PremierPaintingMa, you strike me as someone who's genuinely interested in providing top quality results. While a lot of good suggestions have been made regarding some of the best alternative products, IMHO, I wouldn't use this job as a testing ground for anything new.

You've made it this far most likely because of the quality work you do, so I'd suggest you focus your efforts on conveying why your methods and products are the best... If you're the painter who'll be doing the work. 

It's a big red flag for me when I begin a project by having someone tell me I can't use specific products, (especially when I know I could achieve my best finish with those products).

Keep us posted. Interested to know what comes of this. Good luck.


----------



## slinger58 (Feb 11, 2013)

Another case of a designer stepping outside their area of expertise. :yes:


----------



## thinkpainting/nick (Dec 25, 2012)

Advance primer does not stop bleed and finishes up very soft. You guys on north shore get all the good ones. Nice job good luck.. No builders down this way like that it's all low ad blow no matter what the job.


----------



## PremierPaintingMa (Nov 30, 2014)

stelzerpaintinginc. said:


> PremierPaintingMa, you strike me as someone who's genuinely interested in providing top quality results. While a lot of good suggestions have been made regarding some of the best alternative products, IMHO, I wouldn't use this job as a testing ground for anything new.
> 
> You've made it this far most likely because of the quality work you do, so I'd suggest you focus your efforts on conveying why your methods and products are the best... If you're the painter who'll be doing the work.
> 
> ...


stelzerpaintinginc!
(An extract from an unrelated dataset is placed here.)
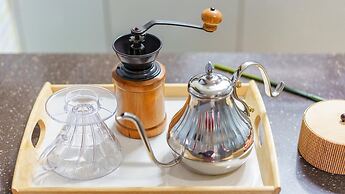 Namhae Dalddenuenbada Pension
I am grateful to your advise.
I always do my best to provide the best quality Materials and works to all my clients.
To be honest to be honest with you I was a bit disturb with the designer that suggested to the HO's not oil primer it created some kind of hysteria to the HO's wife. That said, I never gave up on using oil primer on this job, as I told the GC to set a meeting with the HO alone to explain to what kind of problem may come up with WB primer such as tanning/bleeding. I get a call today from the GC and I am set to go with the job the way I normally proceed.
Thanks Dan.


----------



## PremierPaintingMa (Nov 30, 2014)

thinkpainting/nick said:


> Advance primer does not stop bleed and finishes up very soft. You guys on north shore get all the good ones. Nice job good luck.. No builders down this way like that it's all low ad blow no matter what the job.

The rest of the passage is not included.